Apakah keduanya bermusuhan?

Ini tentang diriku, juga tentang kedua orang tuaku. Aku yang semakin hari merasa semakin dewasa, seringkali lupa dengan orang tua yang semakin hari semakin tua. Aku yang semakin hari semakin merasa mampu hidup berkeluarga, seringkali lupa dengan orang tua yang semakin hari semakin merasa takut kehilangan putrinya.

Menjadi kebiasaan umi (ibu) untuk bercerita panjang lebar tentang apa-apa yang beliau rasakan, termasuk tentang kehidupan beliau nanti ketika aku, kakakku dan adikku sudah berkeluarga. Meninggalkan umi dan abi (ayah) untuk membina rumah tangga, menapaki jenjang kehidupan yang lebih tinggi layaknya orang-orang pada umumnya. Memperoleh status yang kian menumpuk dari masa ke masa.

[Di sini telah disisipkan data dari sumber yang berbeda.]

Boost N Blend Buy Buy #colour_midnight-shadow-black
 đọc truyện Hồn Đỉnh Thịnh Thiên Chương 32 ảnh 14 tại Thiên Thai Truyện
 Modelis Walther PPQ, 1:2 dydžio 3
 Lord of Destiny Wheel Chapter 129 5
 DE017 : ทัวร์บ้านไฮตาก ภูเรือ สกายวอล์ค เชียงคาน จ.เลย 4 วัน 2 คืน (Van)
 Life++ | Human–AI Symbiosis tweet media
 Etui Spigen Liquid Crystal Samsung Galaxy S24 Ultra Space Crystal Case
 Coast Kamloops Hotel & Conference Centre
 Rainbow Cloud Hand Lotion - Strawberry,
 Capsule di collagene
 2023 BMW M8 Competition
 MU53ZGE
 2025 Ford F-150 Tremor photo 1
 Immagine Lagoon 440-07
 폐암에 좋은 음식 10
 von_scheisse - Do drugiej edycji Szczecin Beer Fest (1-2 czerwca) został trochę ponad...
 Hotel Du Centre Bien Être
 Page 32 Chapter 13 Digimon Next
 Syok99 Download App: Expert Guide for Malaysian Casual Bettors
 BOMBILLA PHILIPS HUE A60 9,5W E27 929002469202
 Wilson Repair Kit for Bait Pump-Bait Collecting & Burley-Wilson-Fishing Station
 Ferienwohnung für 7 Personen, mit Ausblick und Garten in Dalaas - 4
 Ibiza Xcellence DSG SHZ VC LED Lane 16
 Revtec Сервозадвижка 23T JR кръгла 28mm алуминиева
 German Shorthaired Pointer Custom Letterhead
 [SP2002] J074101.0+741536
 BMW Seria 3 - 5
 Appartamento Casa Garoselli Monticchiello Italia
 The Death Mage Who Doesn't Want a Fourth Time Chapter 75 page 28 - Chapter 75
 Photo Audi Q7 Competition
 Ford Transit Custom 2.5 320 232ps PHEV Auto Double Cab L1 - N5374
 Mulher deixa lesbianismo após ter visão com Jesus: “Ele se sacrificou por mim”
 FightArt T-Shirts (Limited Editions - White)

Dan, tiap jenjang kehidupan selalu ada konsekuensinya. Selalu mengambil satu bahagia, kemudian menggantinya dengan bahagia lain.

Umi sering berujar "nanti umi tinggal sama siapa kalo udah pada berkeluarga?" atau "nanti calonnya jangan jauh-jauh ya, cari yang di jogja aja, paling jauh solo" atau "umi mau bikin yayasan panti jompo ah, biar para orang tua yang udah sepuh punya temen buat cerita-cerita".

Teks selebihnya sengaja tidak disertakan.